Mr Lilleyman made a will in May 2008, after his marriage to Mrs Lilleyman, giving his wife limited rights of occupation in the matrimonial home and an apartment in Bournemouth used by the couple as a holiday home. Mrs Lilleyman also received her husband’s personal effects, including a collection of Dinky Toy cars worth about £17,000. The rest of Mr Lilleyman’s substantial estate, worth just over £6 million, was left to his two sons. £5 million of the value of the estate was in the form of shares in the family companies.
Following her husband’s unexpected death, Mrs Lilleyman made a claim against his estate on the basis that the will had failed to make adequate financial provision for her. At the hearing, a claim was put forward on her behalf for a minimum award of £1 million.

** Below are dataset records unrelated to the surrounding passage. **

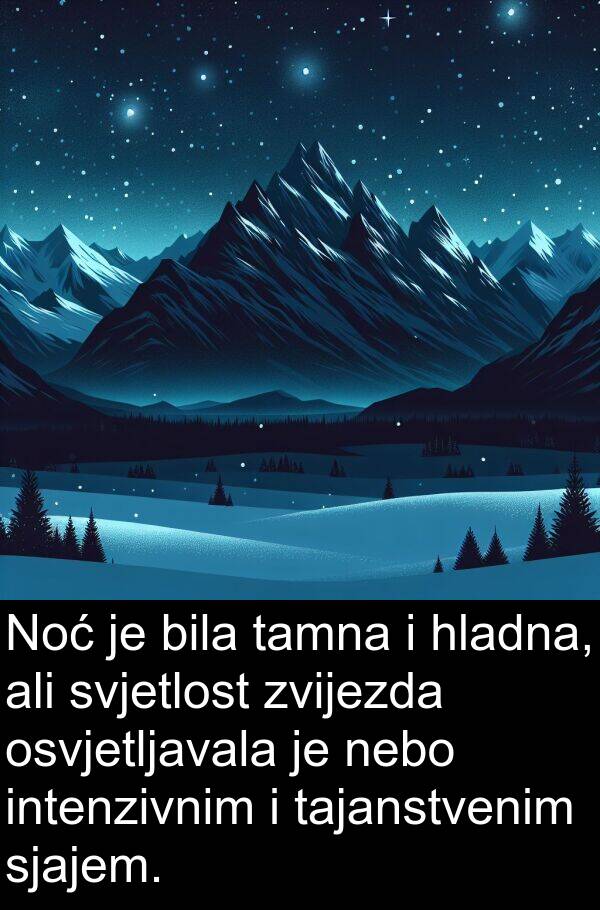 nebo: Noć je bila tamna i hladna, ali svjetlost zvijezda osvjetljavala je nebo intenzivnim i tajanstvenim sjajem.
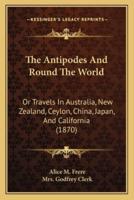 The Antipodes And Round The World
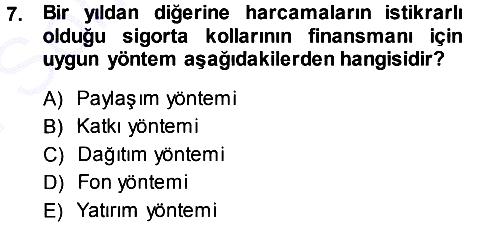 Sosyal Güvenlik 2013-2014 Dönem Sonu Sınavı - 7. soru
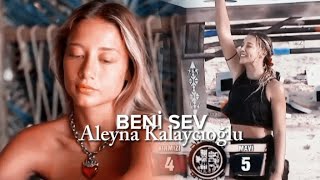 Aleyna Kalaycıoğlu KlipBeni SevSurvivor All Star 2024 [upl. by Tehc]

Under the relevant law the judge was required to consider, amongst other factors, what provision Mrs Lilleyman might have received had the marriage ended in divorce rather than death. The short duration of the marriage would have been taken into account on divorce and the judge decided that ‘the relative shortness of the marriage [would be] appropriately recognised … by excluding from sharing almost the whole of the family business’. It was considered, however, that the will had not made reasonable financial provision for Mrs Lilleyman and, in addition to the personal effects, she was awarded approximately £500,000 consisting of the matrimonial home and the holiday home, with an option to receive a lump sum of £330,000 in lieu of the holiday home.
The substantial costs of the estate were considered in a later hearing and, in the circumstances, it would undoubtedly have saved the entire family much expense had Mr Lilleyman made greater provision for his wife in his will.